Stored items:
--- --- ---

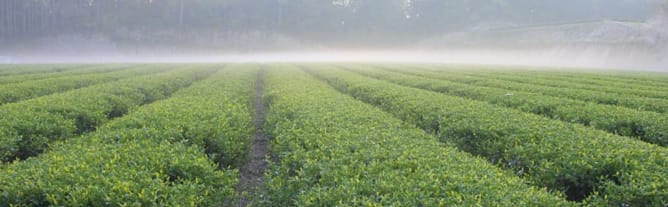 Kirishima Teeplantage (in Kagoshima, JP)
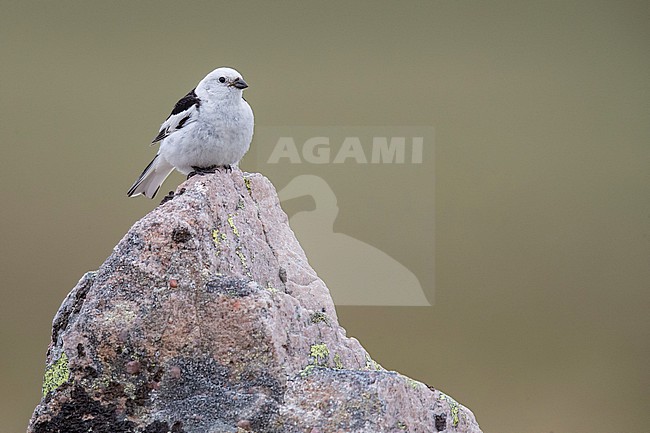 Snow Bunting (Plectrophenax nivalis) sitting on a rock in its breeding habitat in Norway. stock-image by Agami/Marcel Burkhardt,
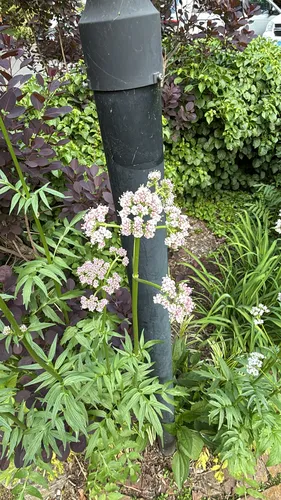Garden Valerian — photo by runweseloh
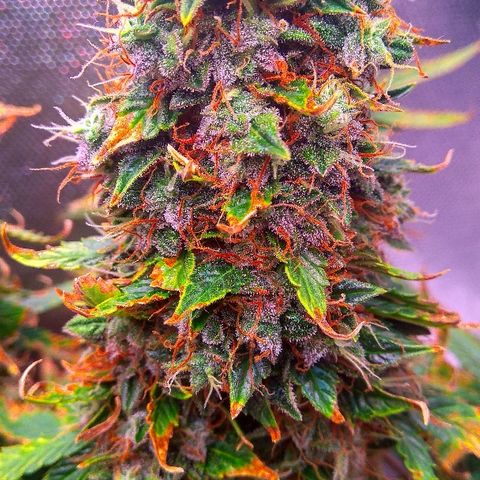 Auto Northern Lights growlog timeline photo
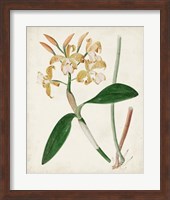 Orchid Pair II Fine Art Print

--- --- ---

• **Problem details**
Copy exactly the lines from the one containing "Auto Northern Lights growlog timeline photo" to the end of the records, both included, and leave the pictures out.

• **Answer for the task**
 Auto Northern Lights growlog timeline photo
 Orchid Pair II Fine Art Print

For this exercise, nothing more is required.